RECORD EXTRACTS START
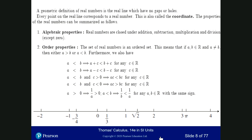These are the basic order properties of real numbers. Now there is the completeness property, which is important. The completeness of real numbers tells us that there are no holes and gaps on the real line — every point on the real line corresponds to a real number, and for every real number there is a point on the real line. Each coordinate point corresponds to a real number — that is what we call the completeness property.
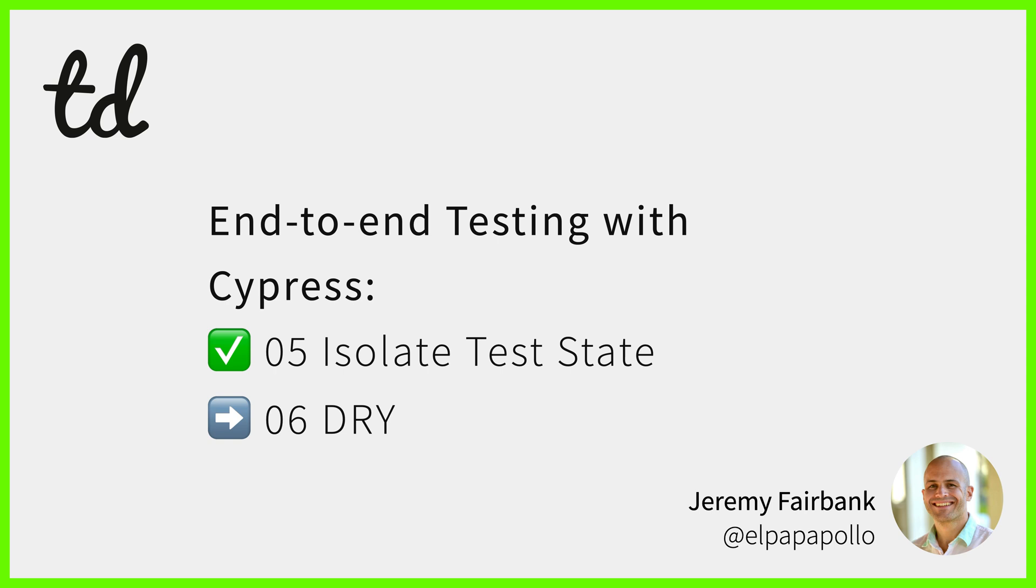In the next video, you will learn about the DRY principle, learn how duplication affects tests, and clean up some duplication in the existing YAMS test suite.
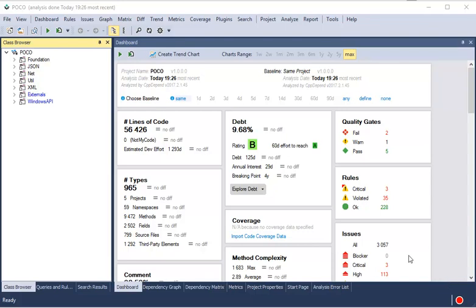This is a quick overview of the CPP Depend reporting feature. After the CPP Depend analysis, a report is generated.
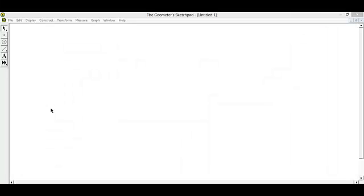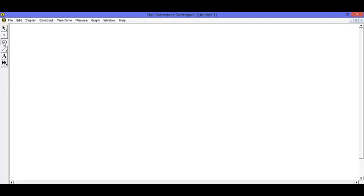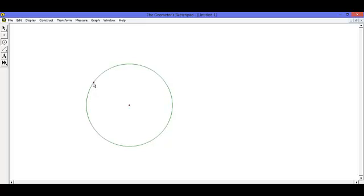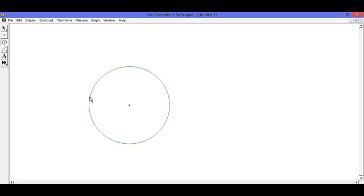Hi, and welcome to the tutorial for constructing a square on Geometer's Sketchpad. The first thing you need to do is draw a circle with the radius as the side length you want for your square.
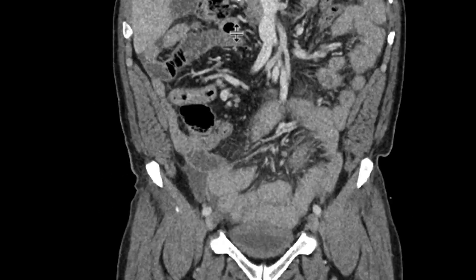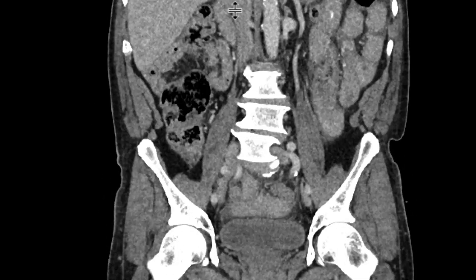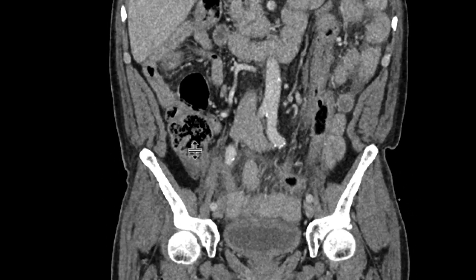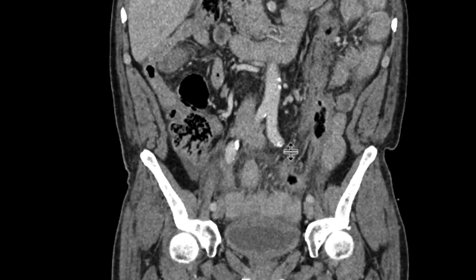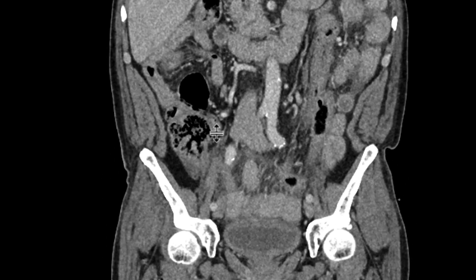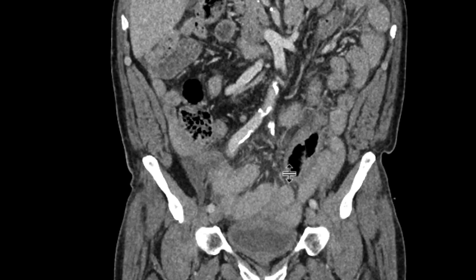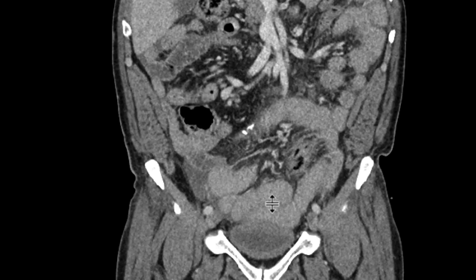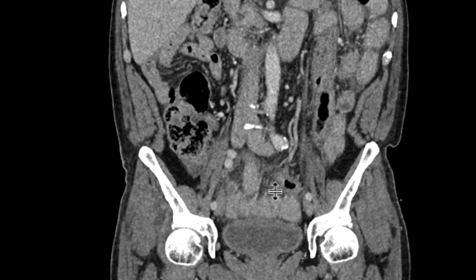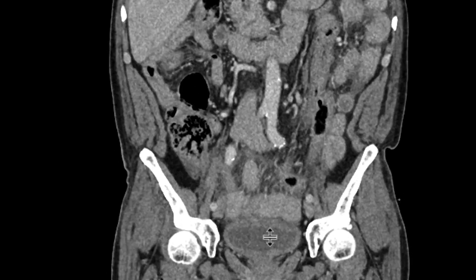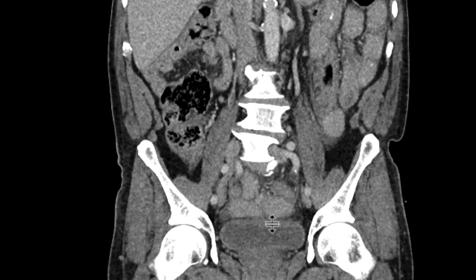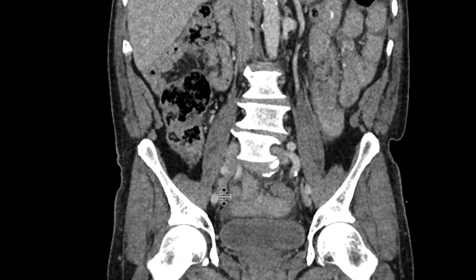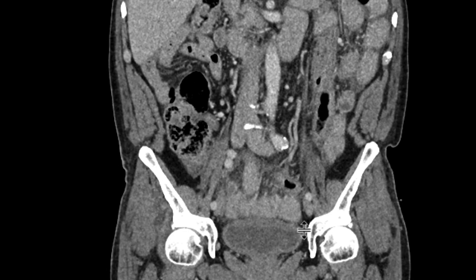Let's see what it looks like on the coronal images. This is the cecum again. Over here is the terminal ileum, so we know not to focus on that. We're looking at this structure coming from the cecum — thick-walled and tubular in shape. Looking at it in cross-section, it has a little bit of fluid in it, a very thick wall, and some inflammatory change.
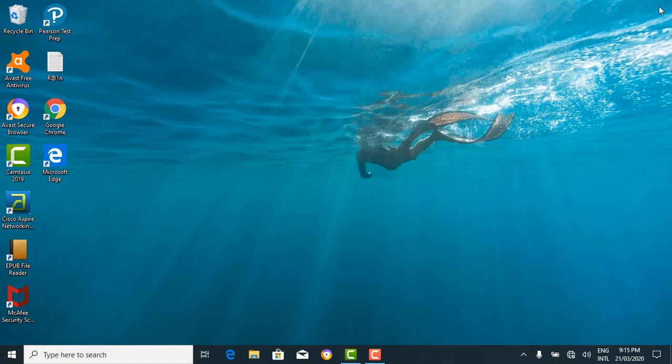Like I said at the beginning of this tutorial, this tutorial is for the basics — just finding your way through the Windows 10 operating system as a beginner. I hope you were able to grab some things. Please subscribe to our channel and like our videos. Thank you! See you in the next tutorial. Bye.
RECORD EXTRACTS END
Transcribe the entries word for word, without their pictures.

■ **ANSWER SPACE**
These are the basic order properties of real numbers. Now there is the completeness property, which is important. The completeness of real numbers tells us that there are no holes and gaps on the real line — every point on the real line corresponds to a real number, and for every real number there is a point on the real line. Each coordinate point corresponds to a real number — that is what we call the completeness property.
In the next video, you will learn about the DRY principle, learn how duplication affects tests, and clean up some duplication in the existing YAMS test suite.
This is a quick overview of the CPP Depend reporting feature. After the CPP Depend analysis, a report is generated.
Hi, and welcome to the tutorial for constructing a square on Geometer's Sketchpad. The first thing you need to do is draw a circle with the radius as the side length you want for your square.
Let's see what it looks like on the coronal images. This is the cecum again. Over here is the terminal ileum, so we know not to focus on that. We're looking at this structure coming from the cecum — thick-walled and tubular in shape. Looking at it in cross-section, it has a little bit of fluid in it, a very thick wall, and some inflammatory change.
Like I said at the beginning of this tutorial, this tutorial is for the basics — just finding your way through the Windows 10 operating system as a beginner. I hope you were able to grab some things. Please subscribe to our channel and like our videos. Thank you! See you in the next tutorial. Bye.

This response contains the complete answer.